→ **WHAT IS REQUIRED**
Make an exact copy of the entries, taking out every picture.

◆ ◆ ◆

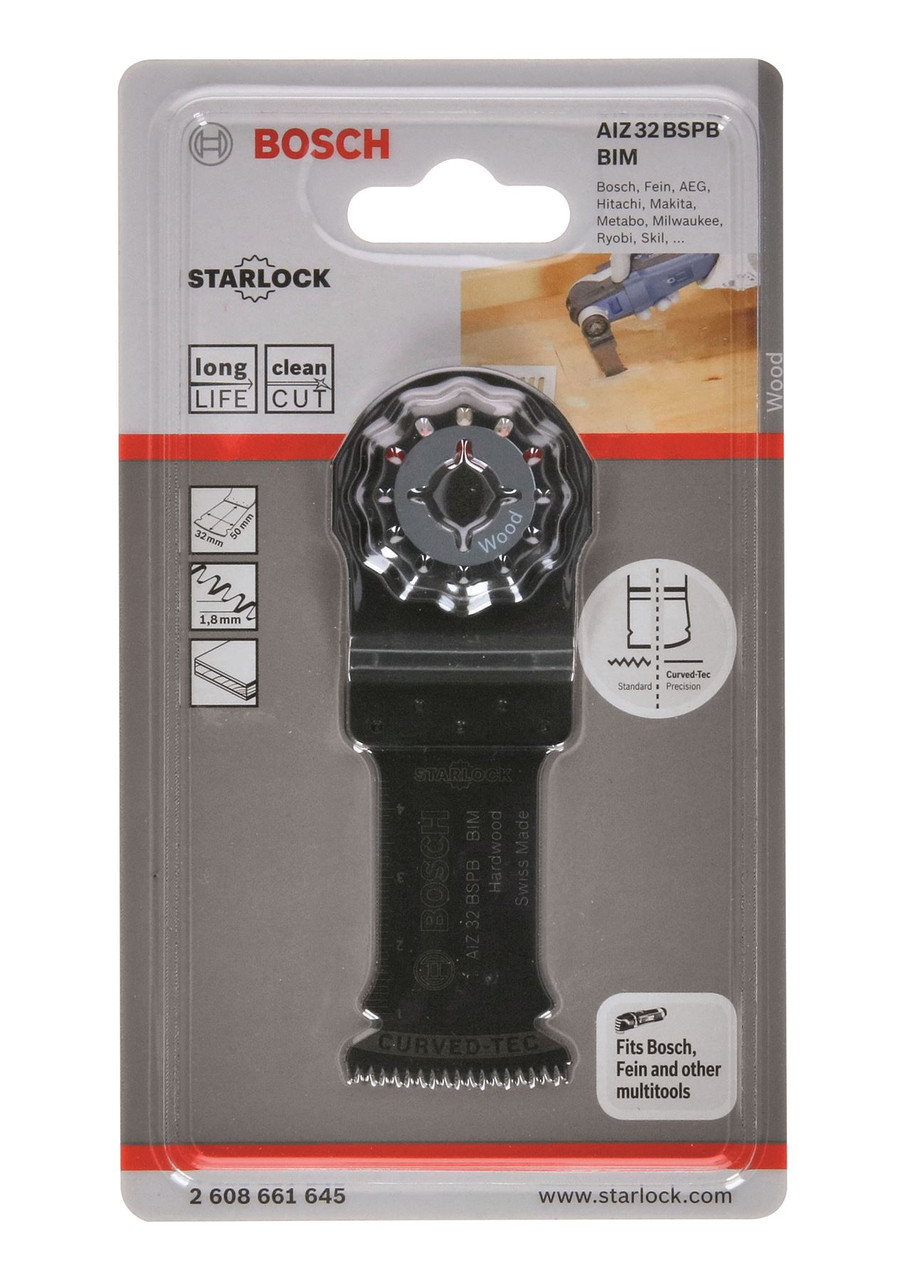 Bosch Starlock Multi-tool Blade AIZ 32 BSPB BIM Hardwood C-Tec 1Pack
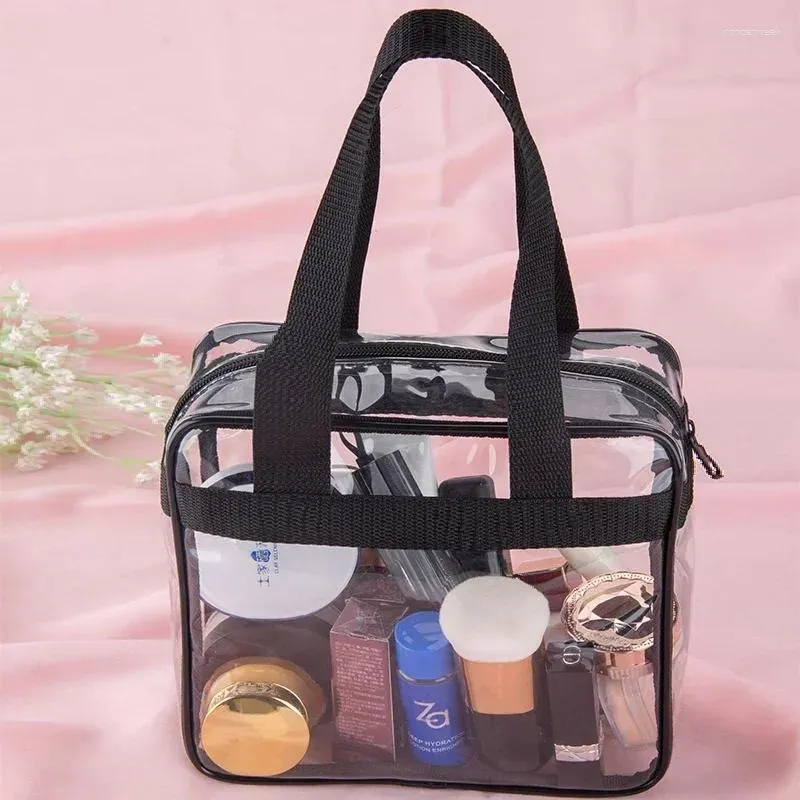 Sacs cosmétiques sac de voyage portable maquillage transparent imperméable des femmes étanché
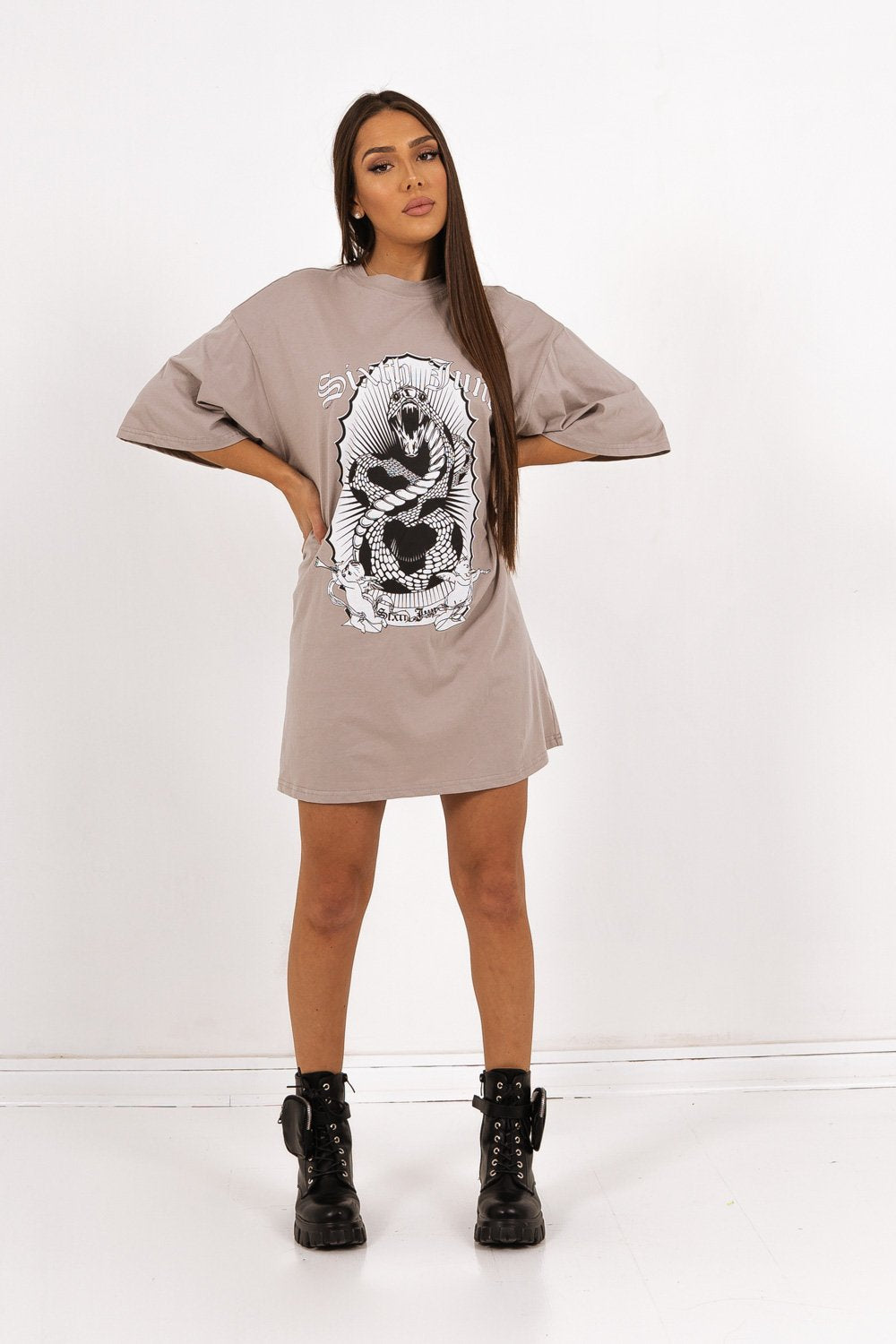 Sixth June - Robe t-shirt Snake Gris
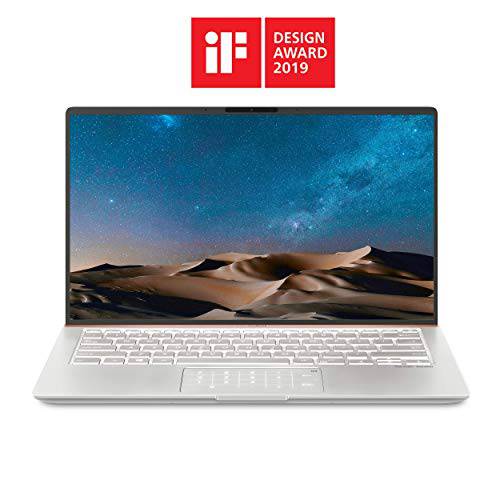ASUS ZenBook 14 Ultra-Slim 노트북 14” 풀 HD NanoEdge 베젤, Intel 코어 I5-8265U, 8GB 램, 256GB PCIe SSD, 백라이트 KB, Numberpad, 윈도우 10 프로 - UX433FA-XH54, Icicle 실버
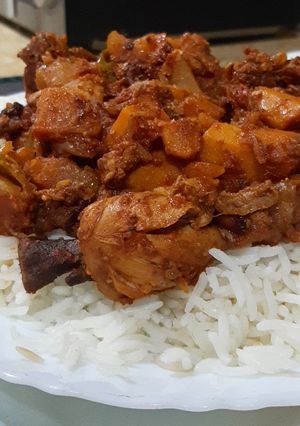 صورة لوصفة 🍗🍚 رز بالدجاج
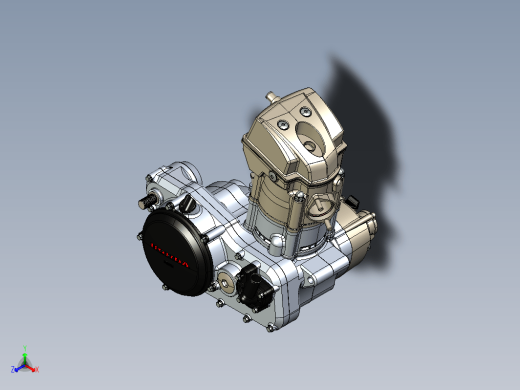 Honda Engine Motor摩托车发动机缩略图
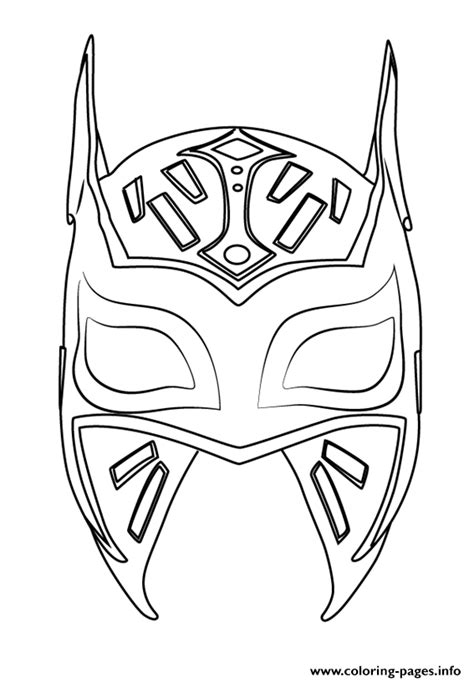We have some epic coloring pages for fans of the brave superheroes pj masks. Sin Cara Mask Coloring Pages Printable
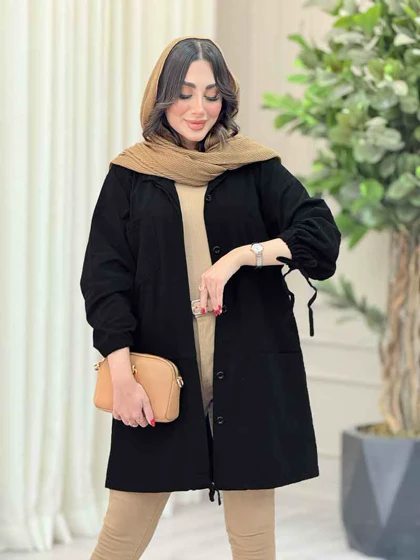 مانتو آستین گت چهار جیب
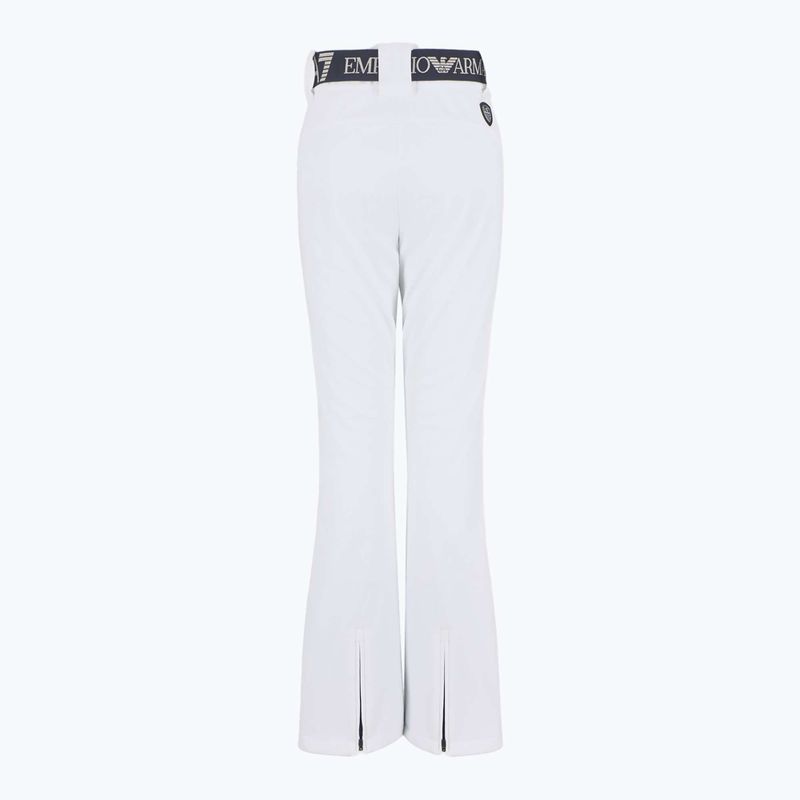 Spodnie narciarskie damskie EA7 Emporio Armani Ski Kitzbuhel High Waisted Softshell white 7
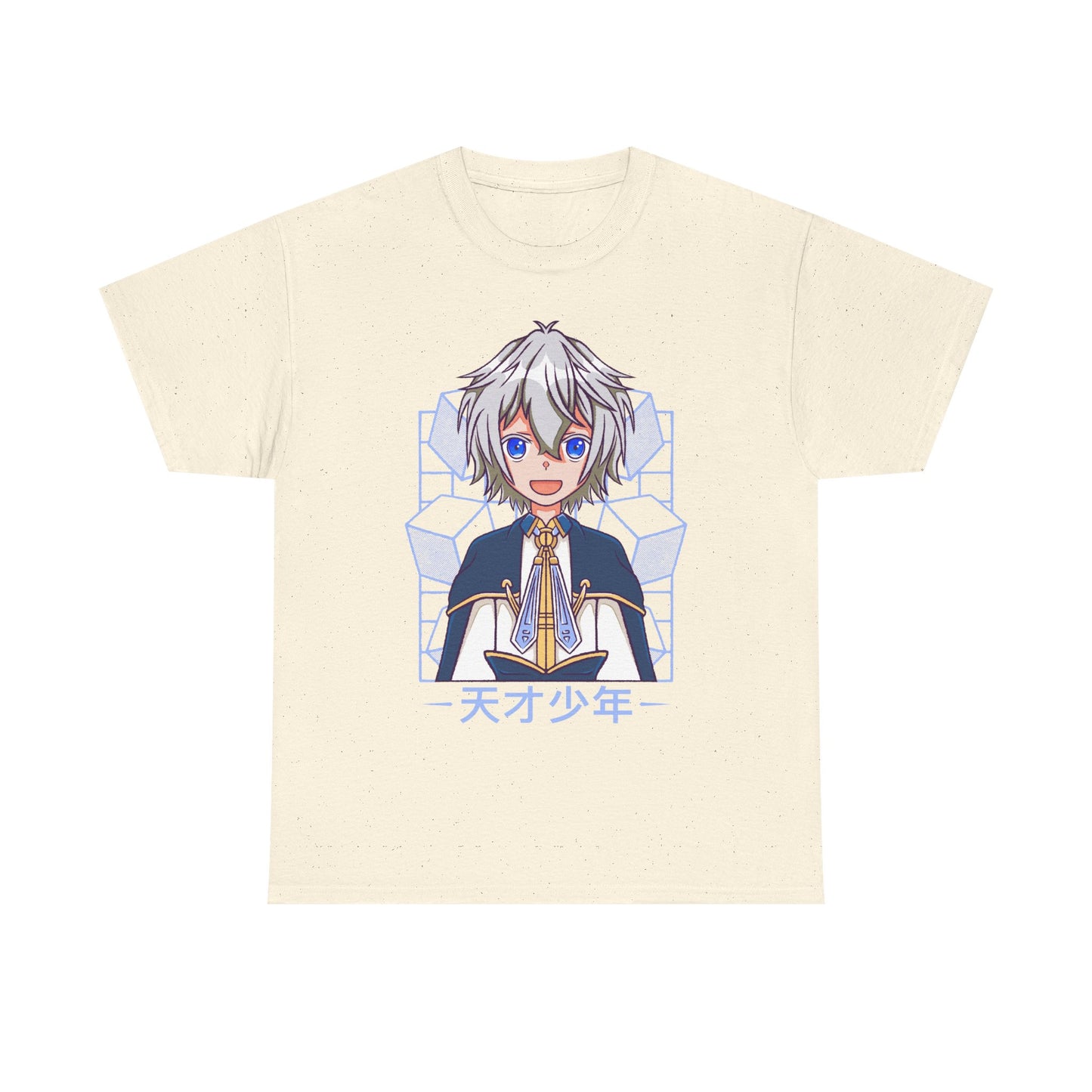 Van Nei Fertio anime t-shirt inspired by Easygoing Territory Defense by the Optimistic Lord featuring the Production Magic user and future lord of Seatoh Village.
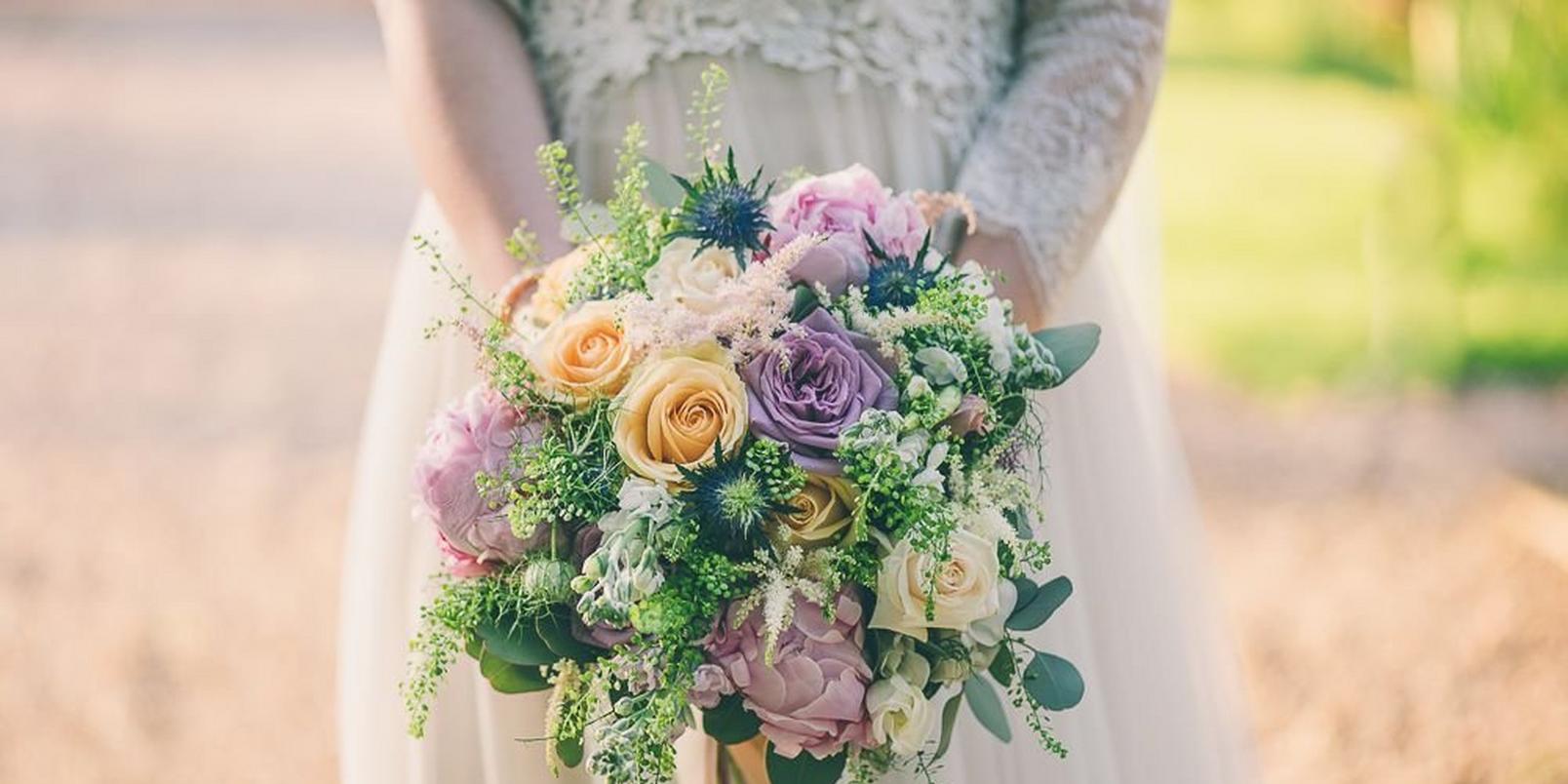 bridal-bouquet-spring-pastels-purple-pink-orange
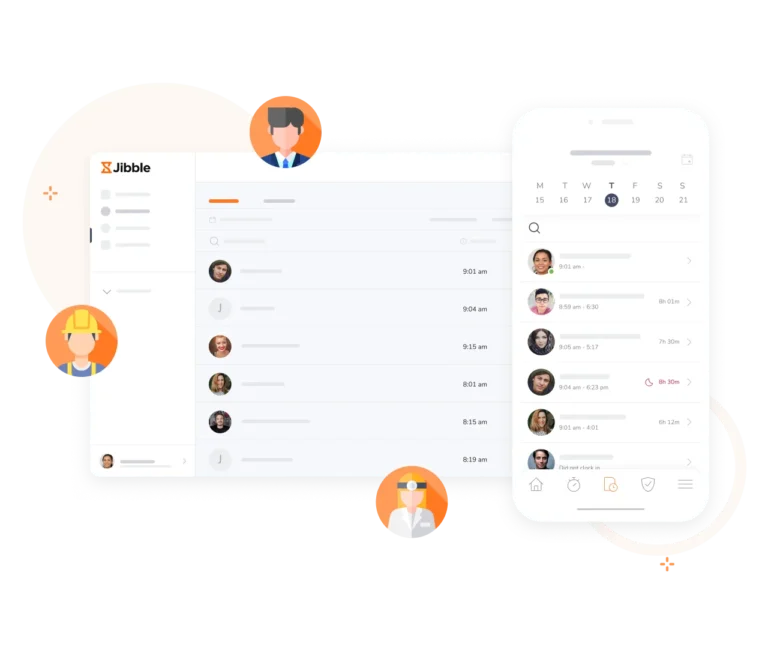 Mostrando o painel de controle de um dos melhores rastreadores de presença
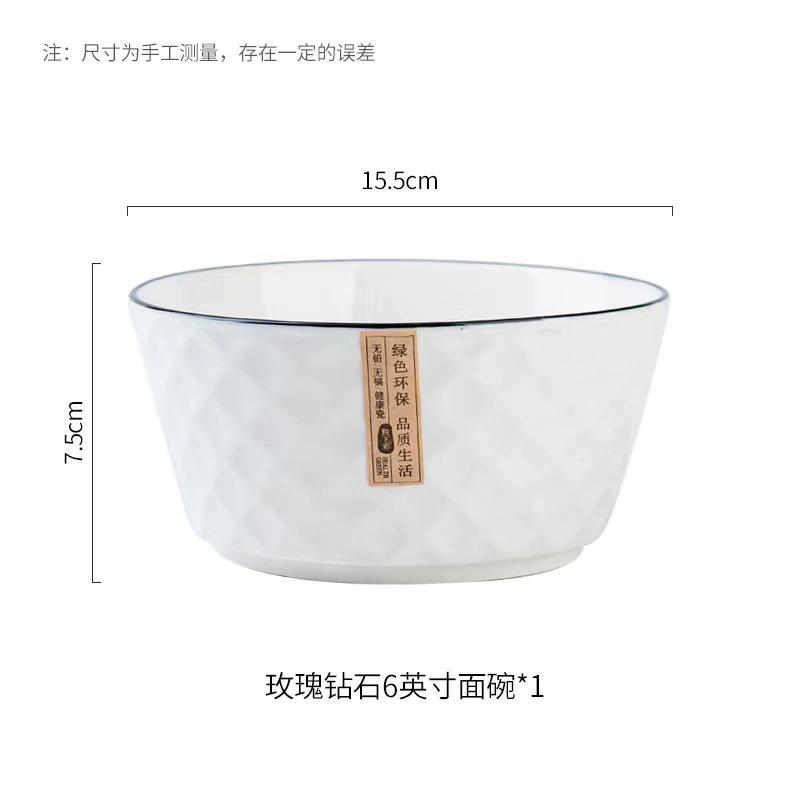 Hand-Painted Bone China Dinnerware Set tableware view 7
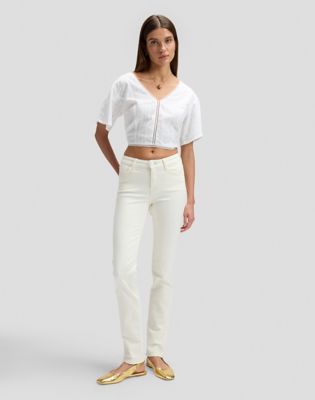 Regular Tied Back Blouse in Bright White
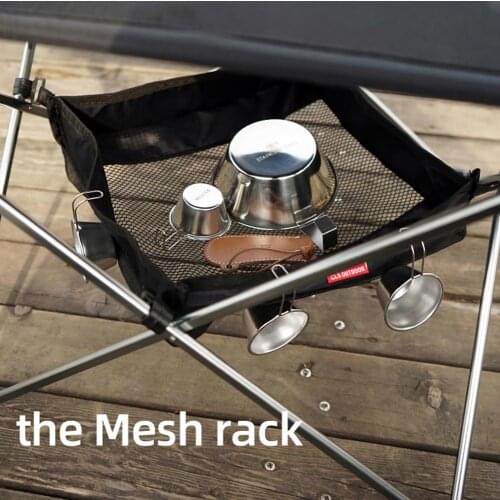 Outdoor Folding Table Hanger Basket Hanging Storage Mesh Net Camping Table Storage Hanging Basket Finishing Net Equipment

◆ ◆ ◆

→ **RESPONSE FOR THIS EXERCISE**
 Bosch Starlock Multi-tool Blade AIZ 32 BSPB BIM Hardwood C-Tec 1Pack
 Sacs cosmétiques sac de voyage portable maquillage transparent imperméable des femmes étanché
 Sixth June - Robe t-shirt Snake Gris
ASUS ZenBook 14 Ultra-Slim 노트북 14” 풀 HD NanoEdge 베젤, Intel 코어 I5-8265U, 8GB 램, 256GB PCIe SSD, 백라이트 KB, Numberpad, 윈도우 10 프로 - UX433FA-XH54, Icicle 실버
 صورة لوصفة 🍗🍚 رز بالدجاج
 Honda Engine Motor摩托车发动机缩略图
We have some epic coloring pages for fans of the brave superheroes pj masks. Sin Cara Mask Coloring Pages Printable
 مانتو آستین گت چهار جیب
 Spodnie narciarskie damskie EA7 Emporio Armani Ski Kitzbuhel High Waisted Softshell white 7
 Van Nei Fertio anime t-shirt inspired by Easygoing Territory Defense by the Optimistic Lord featuring the Production Magic user and future lord of Seatoh Village.
 bridal-bouquet-spring-pastels-purple-pink-orange
 Mostrando o painel de controle de um dos melhores rastreadores de presença
 Hand-Painted Bone China Dinnerware Set tableware view 7
 Regular Tied Back Blouse in Bright White
 Outdoor Folding Table Hanger Basket Hanging Storage Mesh Net Camping Table Storage Hanging Basket Finishing Net Equipment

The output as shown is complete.